Items listed in a dataset:
—————

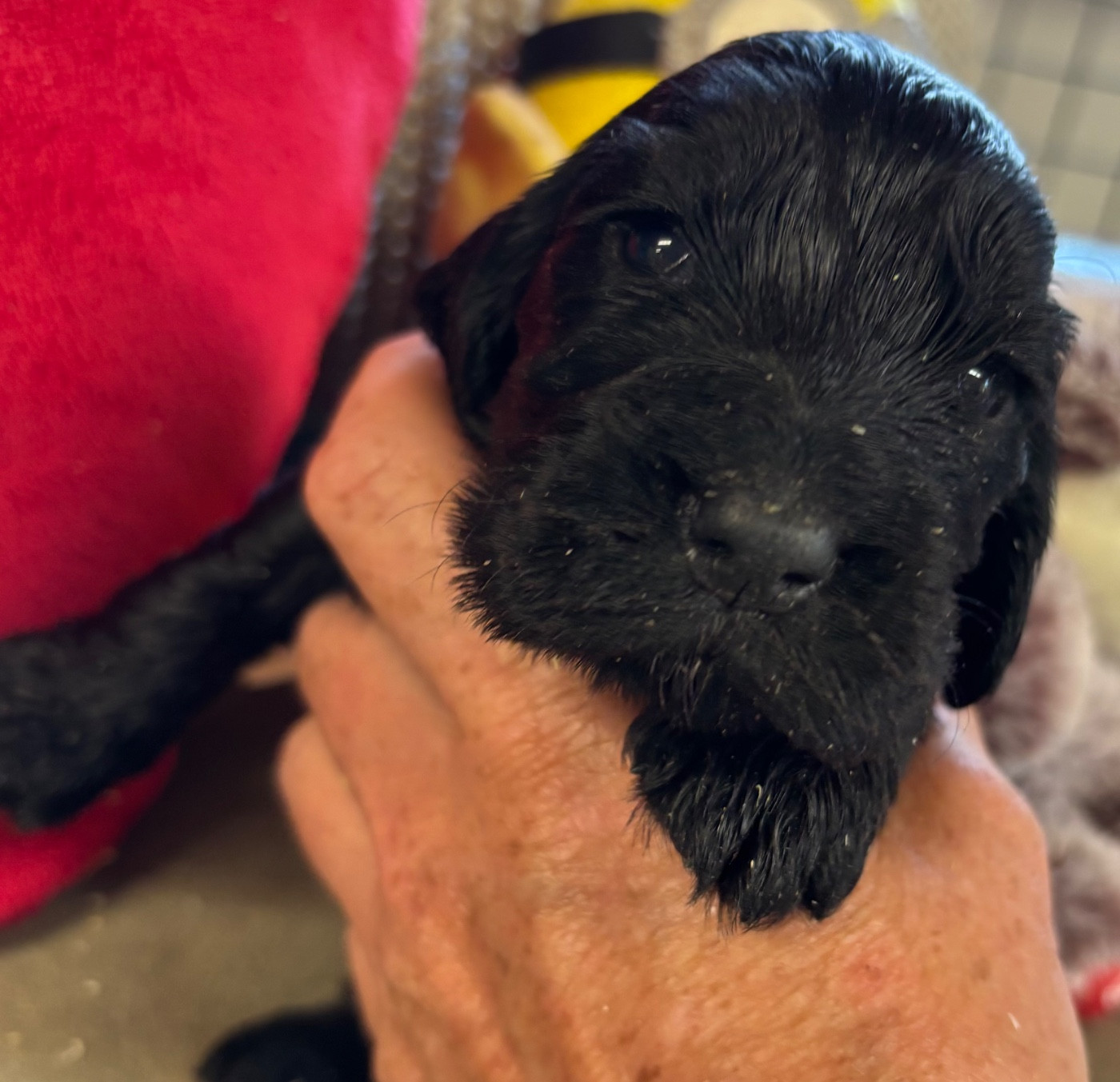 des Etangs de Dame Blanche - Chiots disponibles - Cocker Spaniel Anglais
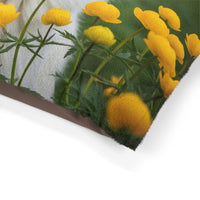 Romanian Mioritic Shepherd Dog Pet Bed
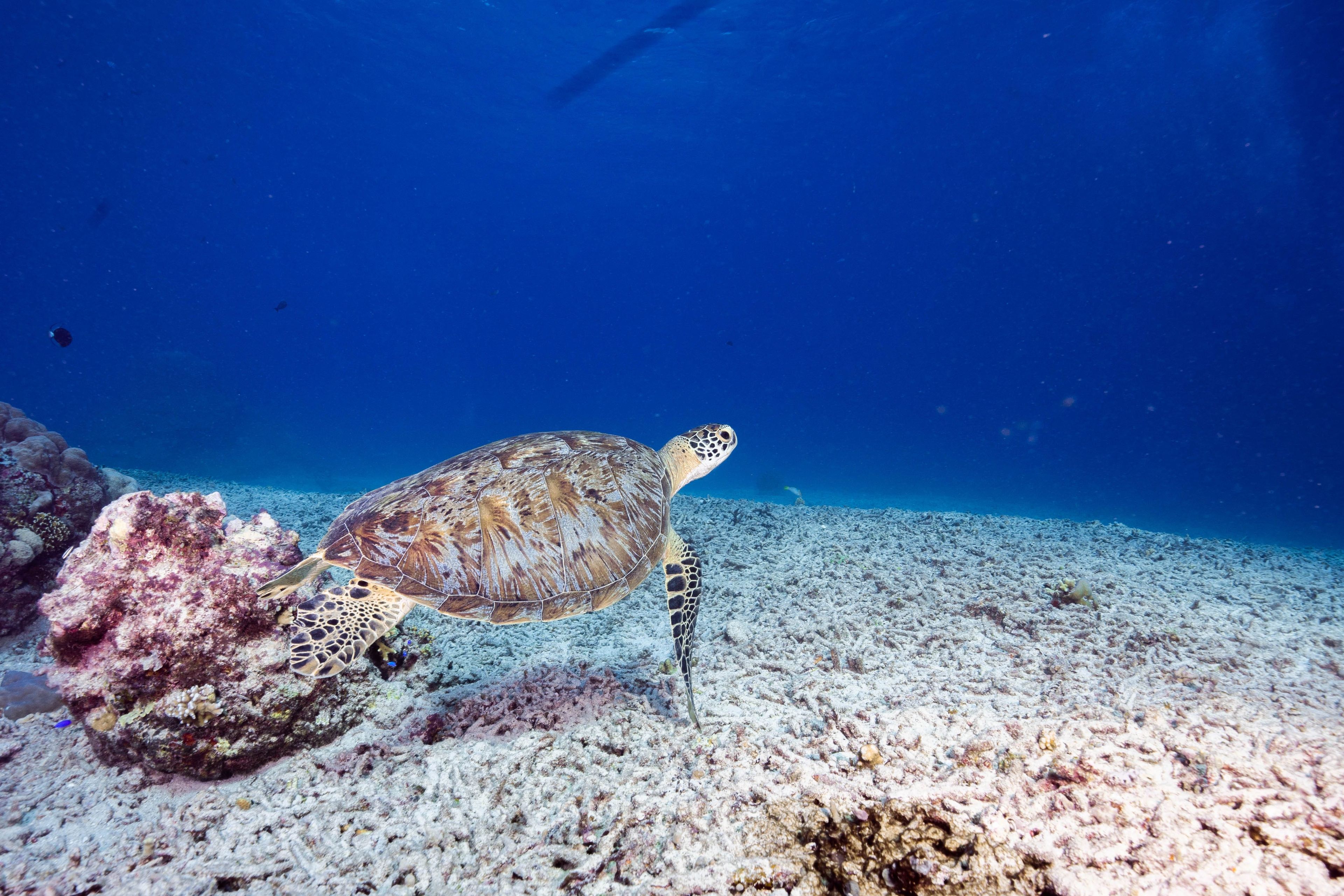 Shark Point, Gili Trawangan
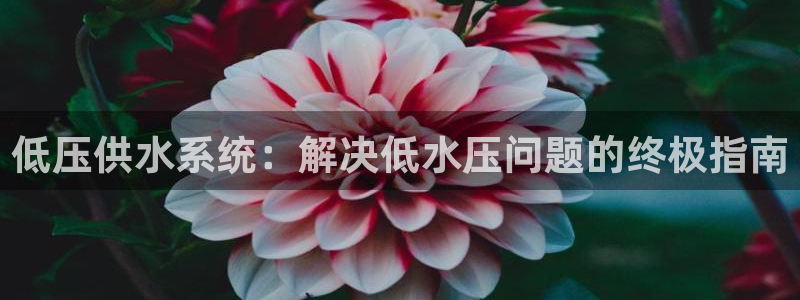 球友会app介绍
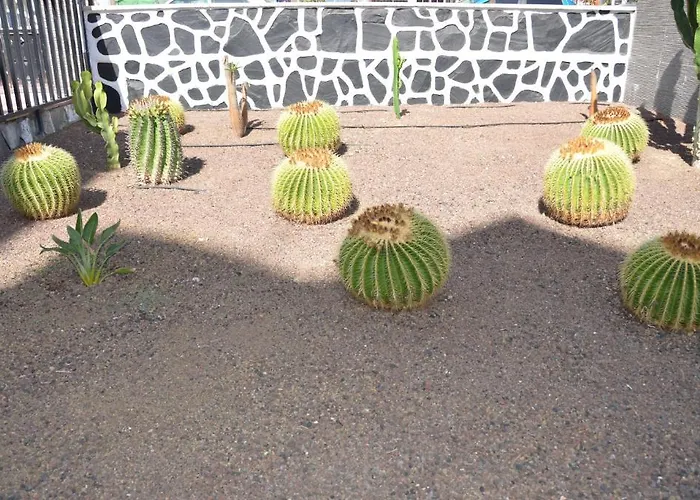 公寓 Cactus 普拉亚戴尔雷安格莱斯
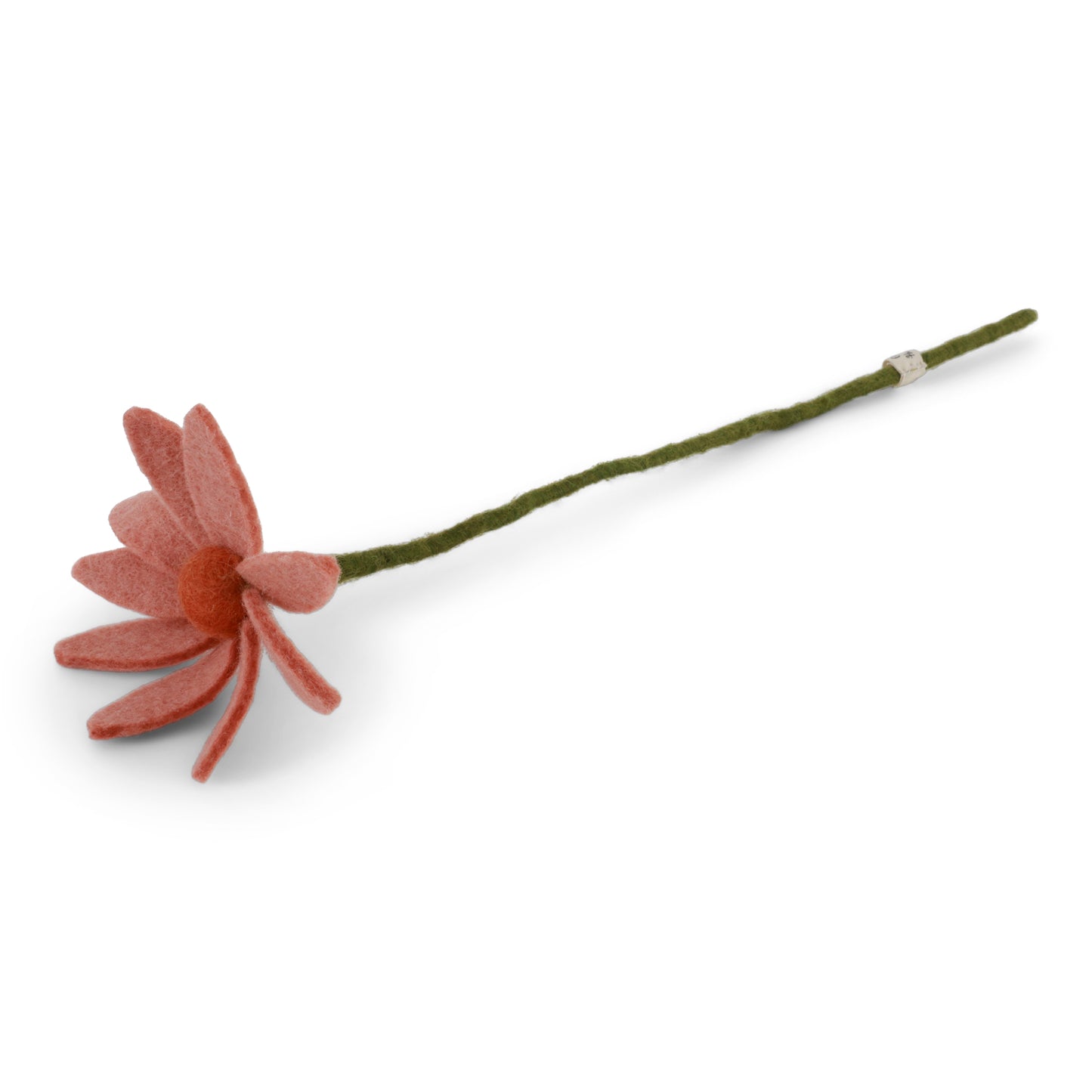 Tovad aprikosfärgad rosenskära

—————

TASK DIRECTIONS:
Would you write out each entry word for word and omit the images?

SOLVED EXERCISE:
 des Etangs de Dame Blanche - Chiots disponibles - Cocker Spaniel Anglais
 Romanian Mioritic Shepherd Dog Pet Bed
 Shark Point, Gili Trawangan
 球友会app介绍
 公寓 Cactus 普拉亚戴尔雷安格莱斯
 Tovad aprikosfärgad rosenskära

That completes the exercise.